The exercise calls for the lines from the one containing "Richmond Hill Villa" to the end of the data below to be output exactly, pictures excluded.

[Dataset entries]
▽

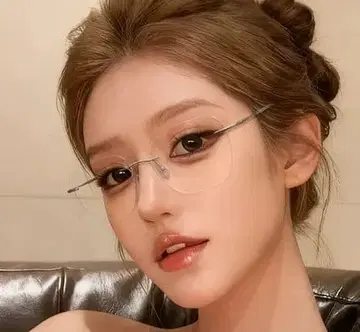 실버 무테 안경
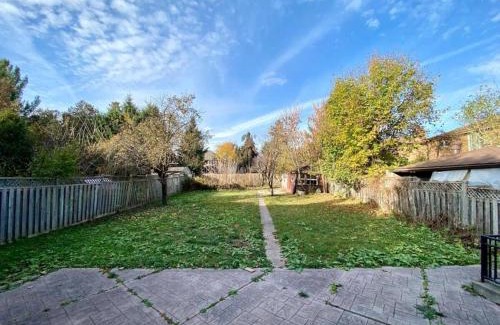 Richmond Hill Villa | Luxurious Villa with 6BR - Garden - Free Parking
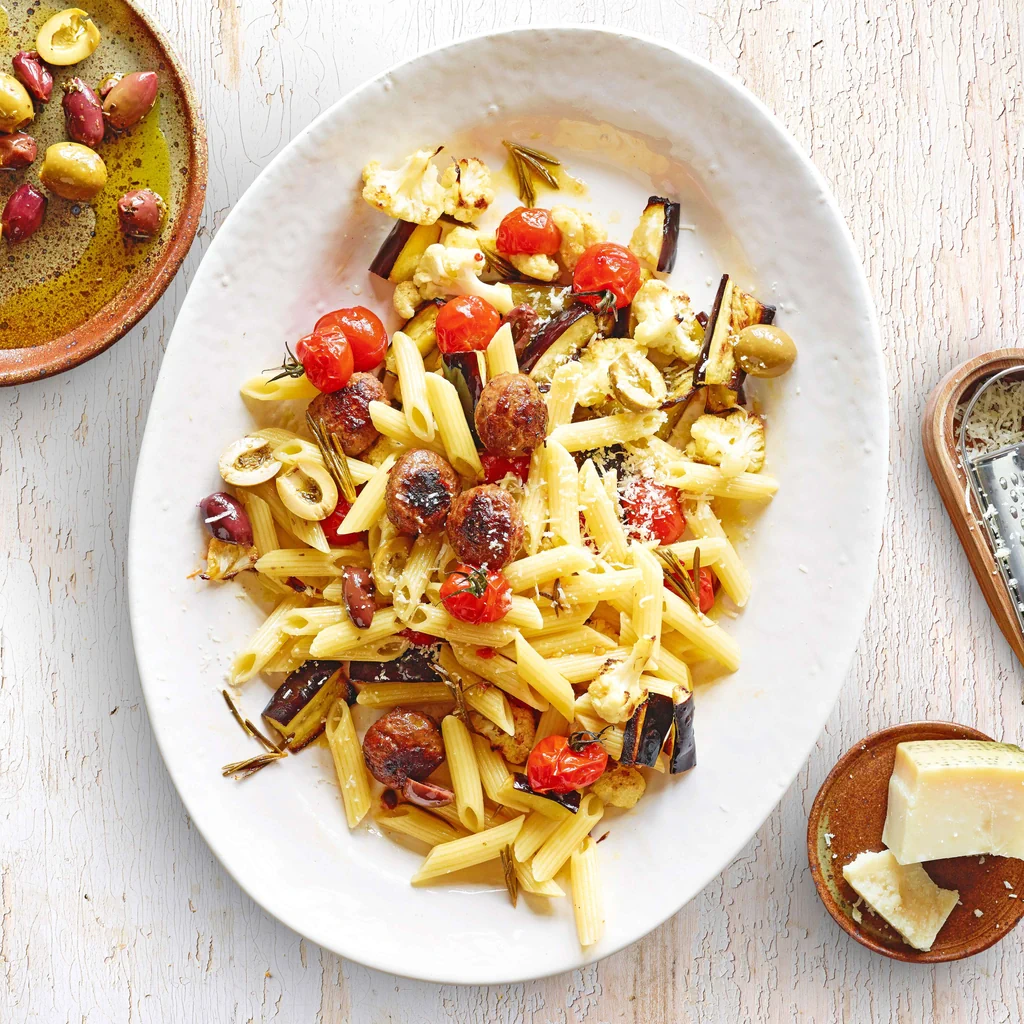 Penne mit Ofengemüse und Hackbällchen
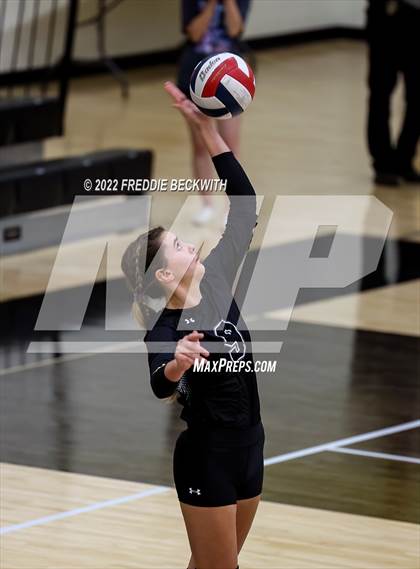 Thumbnail 2 in Sherman @ Denison photogallery.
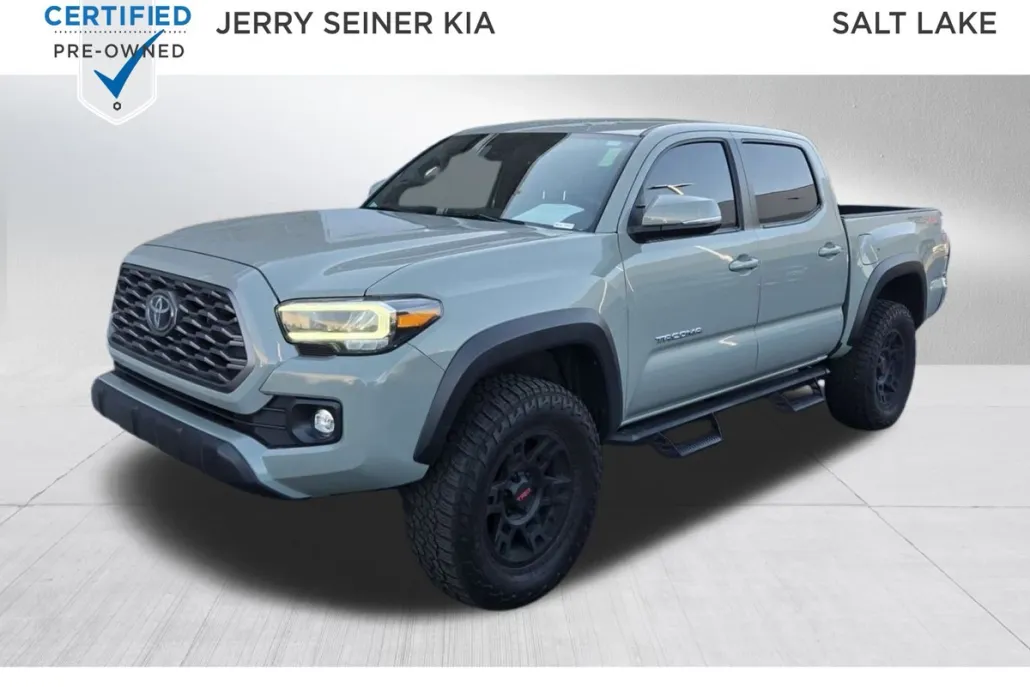 2023 Toyota Tacoma TRD 4x4 photo 1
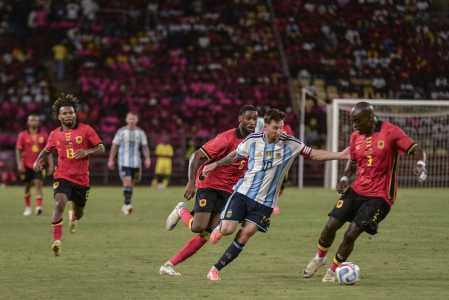 Sob a liderança de Lionel Messi, a Argentina participou de amistoso com a Angola na última Data Fifa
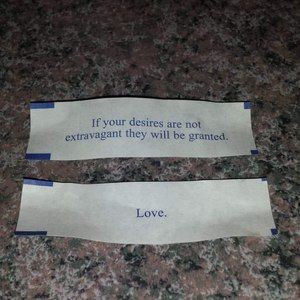 Meet your Posher, Deedee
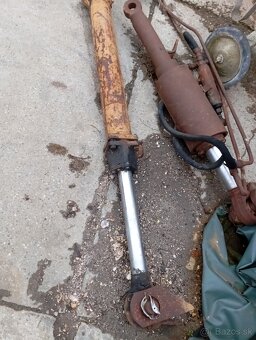 BULDOZER T130 CHLADICE A HYDRAULICKE VALCE - 11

△

# Answer space:
 Richmond Hill Villa | Luxurious Villa with 6BR - Garden - Free Parking
 Penne mit Ofengemüse und Hackbällchen
 Thumbnail 2 in Sherman @ Denison photogallery.
 2023 Toyota Tacoma TRD 4x4 photo 1
 Sob a liderança de Lionel Messi, a Argentina participou de amistoso com a Angola na última Data Fifa
 Meet your Posher, Deedee
 BULDOZER T130 CHLADICE A HYDRAULICKE VALCE - 11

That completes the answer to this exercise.